People argue that our generation is lazy. We are apathetic and unmotivated, where’s the activism, where are the protests? We have grown up with feminism -- feminism as a done deal -- and it’s difficult to ignite anger and movement over issues we think are already won. Words like ‘post-feminism’ and ‘ironic sexism’ make us think that gender discrimination is a thing of the past. The second-wavers already won those battles for us, right? We live in a culture that is experiencing very real backlash against feminist ideas, and many young women are afraid of adopting the feminist label. Some honestly believe that we don’t need it.

However, women today are not apathetic. Women have never been apathetic and we don’t plan on becoming apathetic any time soon. Welcome to third-wave feminism. In many cases we have equality on paper but not in practice. We are grateful for the work of second-wavers - much of their progress involved lobbying and policy change, and now we have a pile of rights - but discrimination still occurs in the workplace, on the streets and in the home. We want to change social norms just as much as (if not more so than) policy. Our battles can seem abstract and hard to define. We’re not fighting just to change law, but to change outdated worldviews and social behaviours.
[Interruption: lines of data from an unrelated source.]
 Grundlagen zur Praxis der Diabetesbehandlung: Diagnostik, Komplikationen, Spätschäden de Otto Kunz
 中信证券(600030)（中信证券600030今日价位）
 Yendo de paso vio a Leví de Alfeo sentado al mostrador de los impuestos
Consciousness raising is as important as ever, and online activism is a key component of the third wave. The internet has given us a platform for open expression. People can make twitter accounts or blogs and share stories about micro-aggressions and gendered harassment – and those stories are heard, and understood, and with them we can build a better picture of women’s daily lives and of the need for feminism. These conversations are happening across great distances and many young people in particular are more informed.

It’s hard to talk about third wave feminism without talking about tumblr. Tumblr is a ‘micro-blogging’ website and it is a big deal. Users blog and re-blog, sharing tagged content that others can easily find and share. You can find tumblrs about food or fashion or the Sherlock fandom or – increasingly – about social justice issues, including feminism. Many young people are being introduced to feminism through short, inspiring posts, re-blogged between song lyrics and artistic selfies. And this is a beautiful thing. But the language used and topics highlighted by these posts is important, and reveals much of the nature of third-wave discourse. And let’s be honest – some of it is fucked up.
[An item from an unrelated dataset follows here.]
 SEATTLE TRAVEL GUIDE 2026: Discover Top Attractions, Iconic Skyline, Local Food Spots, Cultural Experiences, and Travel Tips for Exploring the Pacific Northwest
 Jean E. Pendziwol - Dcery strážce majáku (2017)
What we see on tumblr and in most 3rd wave discourse is a move away from ‘feminism as a social/political movement’ to ‘feminism as an individual process’. Feminism is being sold to young women as almost a self-help movement. Much of the content online and in print promotes self acceptance and self love. These are reactionary measures to the ongoing objectification of women in media; to literally unachievable physical and behavioural standards that we’re still expected to try and meet. And these reactions are valid and important. Tumblr feminism helped me stop hating my body. That’s a simple and easily overlooked sentence, so I prefer to put it like this: it gave me the ability to spend my time and energy on other things. I used to think about every meal I ate. There was a time in high school when I stopped eating, and that isn’t unusual. Hearing voices that say ‘this is not okay, your body is acceptable, now stop spending your time shaving and write a zine’ – that can be life changing. That aspect of feminism is so important. But it’s only the first step.
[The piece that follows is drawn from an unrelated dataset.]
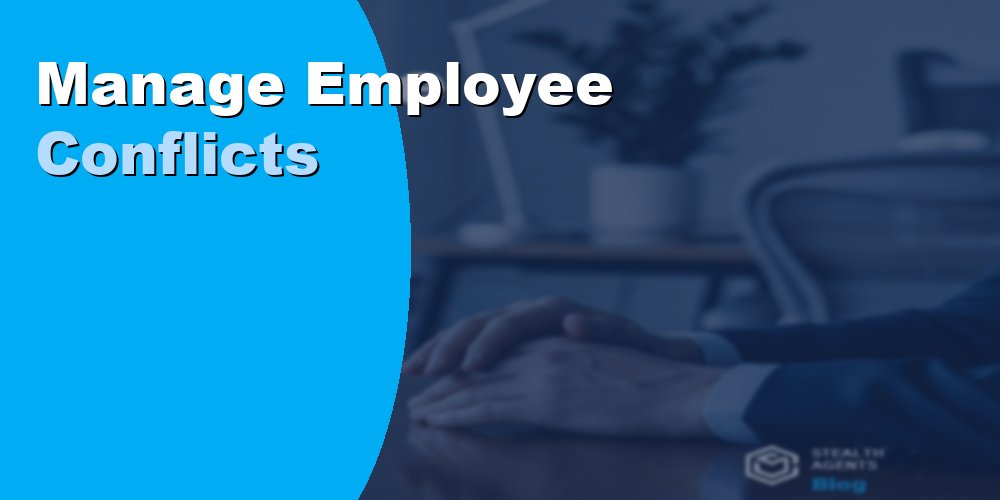 Manage Employee Conflicts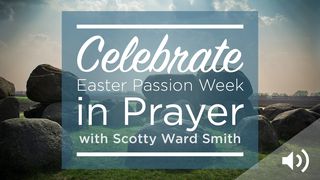 Celebrate Easter Passion Week in Prayer Luke 19:41-44 The Message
3rd wavers have had to fight to separate themselves from the negative stereotypes associated with feminism. Real feminists and their ideas are rarely shown in mainstream media, instead what we see are straw feminists: women who are shown to be irrationally angry, bestial and man hating. When we call ourselves feminists these are the images that many people will first call to mind and use to discredit us. Third wavers accept just as much as we want to be accepted – no one should balk at the idea of feminism, and our insistence on proving that we’re ‘not like that’ can be problematic. One of the clearest examples is our insistence on being ‘femme friendly’. We yell that no – feminists aren’t all hairy, mannish thugs. We can wear makeup and jewellery and short skirts while smashing the patriarchy. We are no longer willing to examine makeup or high heels as oppressive norms, but rather focus on how wearing these things is a “choice”. And I truly believe it is – to a point. I am typing this article in poorly applied nail polish and a dress, but I expect to be fully respected by other feminists and members of the community regardless of my choice of dress. However, it is unrealistic to claim that my choice of clothing is a free choice – that it occurs outside of a social context. We still live in a society that places intense pressure on women to conform to a certain standard of appearance, and in many ways I am meeting that standard. We seem to be fighting for our right to look conventionally attractive while still being a feminist, and this is a waste of time and energy. Of course you can wear whatever you want, but 3rd wavers insistence that ‘we’re not like that’ only further normalises women’s insane grooming. Some feminists (including us Bruisers) do have leg and armpit hair, because we’re human beings. This isn’t something we need to apologise for, and neither is pulling on a dress or applying eyeliner. But we do need to question why we do those things, and to allow ourselves to be critical of culture. Conforming to oppressive beauty standards is a choice, but it is not empowering. Demanding respect and equality no matter how you dress – that is.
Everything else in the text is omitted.